Trois ans après, l’énigme reste entière. Qu’est-il donc advenu du journaliste malien Birama Touré, porté disparu depuis janvier 2016 ? Sur un continent où la carte de presse expose son détenteur à mille périls, le sort de ce quinquagénaire pourrait n’émouvoir que proches et confrères. A ceci près que son entourage incrimine un personnage haut placé : le député Karim Keïta, président de la commission de la Défense, de la Sécurité et de la Protection civile à l’Assemblée nationale, par ailleurs fils du chef de l’Etat Ibrahim Boubacar Keïta, alias IBK, réélu à la magistrature suprême en août 2018.

Vendredi noir

Ce vendredi 29 janvier 2016, au guidon de sa moto Djakarta, Birama quitte vers 8 heures sa maison de Sébénikoro, l’un des quartiers de la commune IV de Bamako, sur la rive gauche du fleuve Niger. En fin de matinée, il cueille chez elle sa fiancée, Hawa. Le couple file aussitôt à la mairie de Bagadadji afin de fournir au service compétent l’identité des témoins de leur mariage. L’union civile est prévue le 11 février suivant, trois jours avant la cérémonie religieuse et coutumière.

Dans l’après-midi, le futur époux discute avec deux de ses cousins germains, Abdoul et Mahamadou, des préparatifs de la noce. Le soir même, aux alentours de 19h10, il quitte Bagadadji pour regagner son logement. A partir de cet instant, Birama Touré sort des écrans radars. A 23 heures, sa soeur, qui vit sous le même toit que lui, s’enquiert de savoir auprès des cousins s’il est encore à leurs côtés. Réponse : non. Quant à Hawa, elle tente elle aussi, mais en vain, de le joindre sur son portable. Le lendemain, nouveau déluge d’appels, tout aussi stérile. Le 31 janvier, Abdoul et Mahamadou font la tournée des hôpitaux et des morgues. Chou blanc, là encore. Reste, le 1er février, à alerter les gendarmes. Peine perdue : aucun des siens ne reverra Birama.

Enquête bâclée

Non que l’on perde toute trace du rédacteur. Plusieurs individus le croiseront, voire le côtoieront, dans les mois qui suivent. A commencer par ses codétenus.
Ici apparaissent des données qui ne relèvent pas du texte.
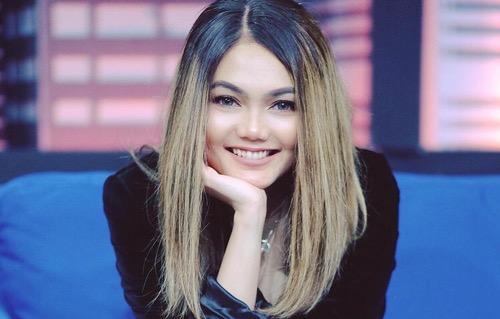 Rina Nose Artis menikah singkat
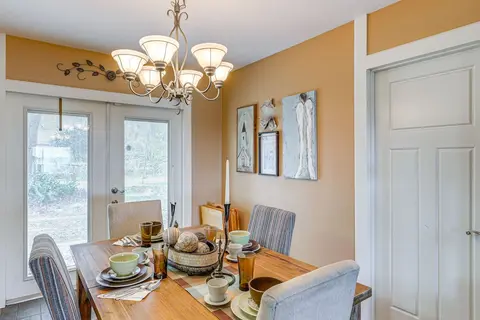 Auburndale Vacation Rental w/ Yard & Lake Views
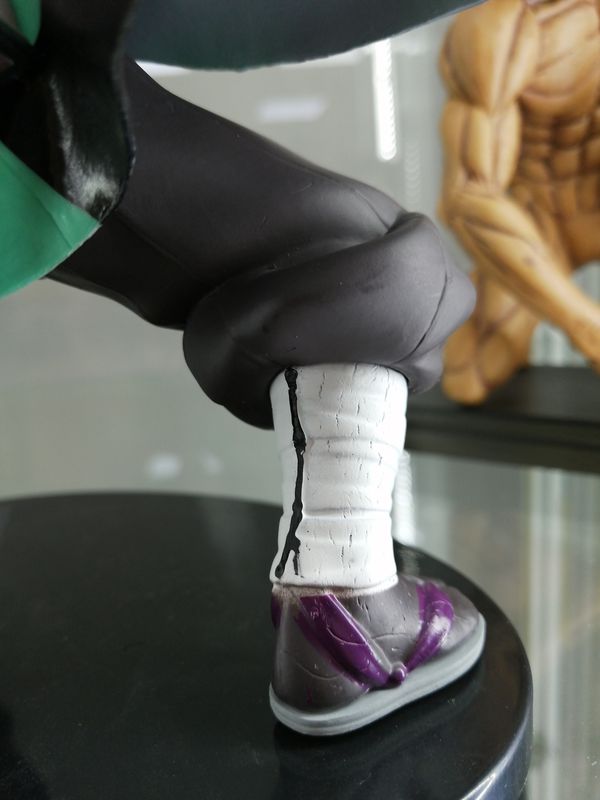 Фигурка Клинок рассекающий демонов - Танджиро Камадо в стойке (Demon Slayer) УЦЕНКА изображение 2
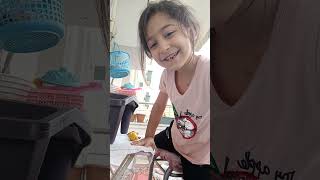 Ronya Lina Balkonda Yemek Yapıyor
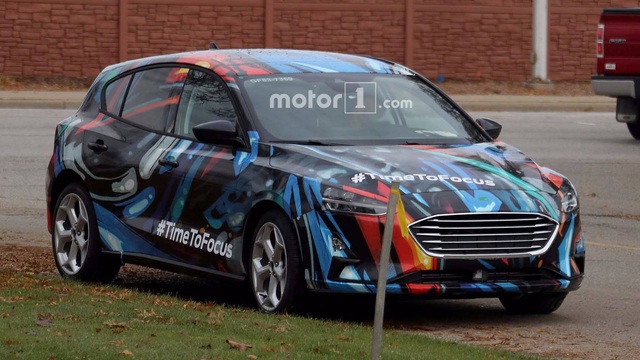 Ford Focus thế hệ mới lộ diện trên phố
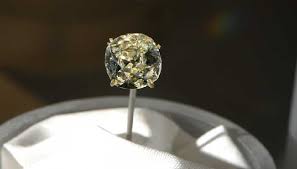 JiteshS09631699's tweet image. #DidYouKnow 🤓 #TheFirstDiamond 
The Eureka Diamond was the first diamond discovered in South Africa. It originally weighed 21.25 carats
#History
#Diamond #EurekaDiamond #Diamondfact #interesting #ff #Facts If you like this fact so please drop a like👍 also follow us for more....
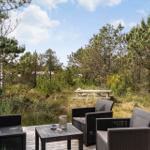Terrasse mit Sitzgruppe und Blick in den Wald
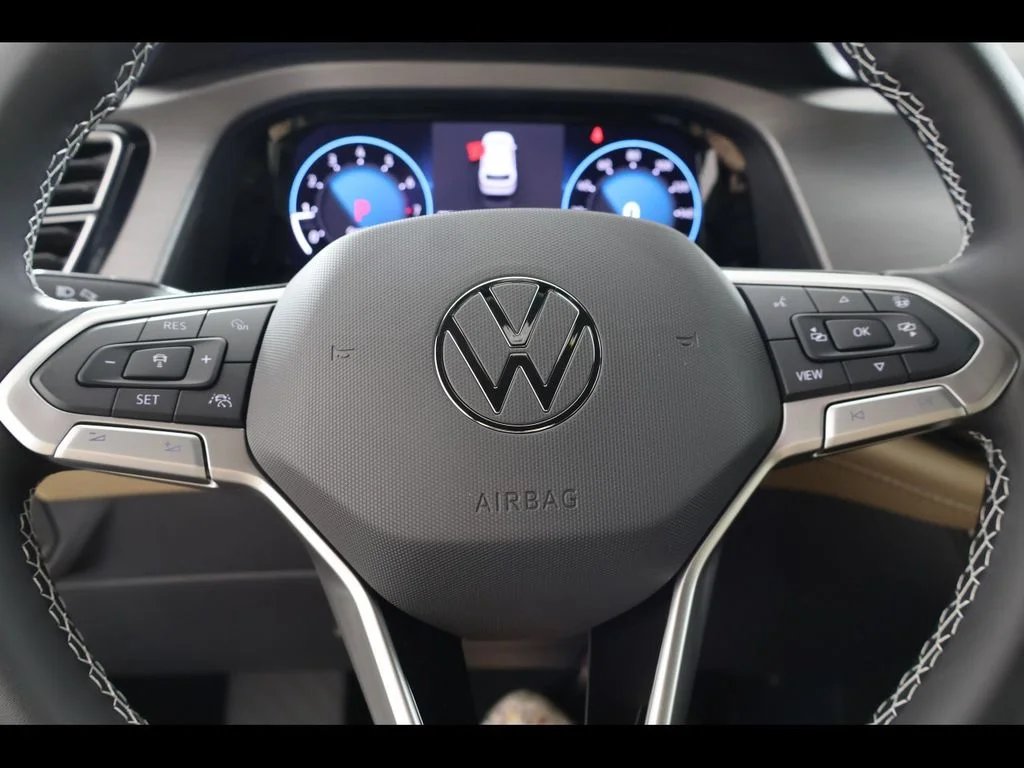 New 2026 Opal White Pearl Volkswagen 2.0T SE image 18
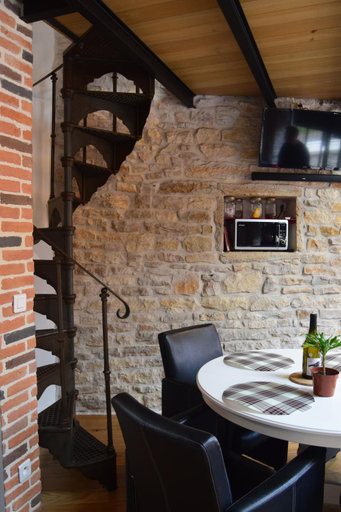 Dining Room 5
Car tout indique que Birama Touré a été enlevé puis incarcéré dans un -ou des- centre(s) de détention plus ou moins clandestin(s) de la Direction générale de la Sécurité d’Etat, la DGSE malienne, fleuron de l’appareil de renseignement national.

Sur plainte de la famille, le service d’investigations judiciaires de la gendarmerie de Bamako ouvre donc une enquête préliminaire. Enquête expéditive, sinon bâclée, comme l’atteste le procès-verbal de synthèse rédigé en avril 2016, qui privilégie la thèse de la “disparition volontaire” d’un homme supposé réduit au chômage et criblé de dettes, désireux de “fuir les charges sociales et financières liées à son futur mariage”.

Théorie absurde, objectent les cousins retrouvés sur place par Arnaud Froger, responsable Afrique de Reporters sans frontières (RSF). Lequel souligne en outre les failles des recherches entreprises. Censées retracer les échanges téléphoniques du disparu, les fadettes récupérées auprès des opérateurs semblent au mieux incomplètes : un seul SMS le 29 janvier, et rien le 30, en dépit des dizaines d’appels passés par ses intimes. De même, pourquoi n’a-t-on pas exploité les enregistrements des caméras de vidéosurveillance balisant son ultime trajet ?

Zones d’ombre

“RSF continue de mener sa propre enquête, précise Arnaud Froger. A ce stade, nous pouvons d’ores et déjà affirmer que les zones d’ombre sont nombreuses et troublantes. La thèse officielle ne tient pas. Elle n’a été corroborée par aucun des proches, amis et membres de la famille interrogés. De plus, le soir de sa disparition, le journaliste n’avait en sa possession aucun des effets personnels que requiert un départ planifié.”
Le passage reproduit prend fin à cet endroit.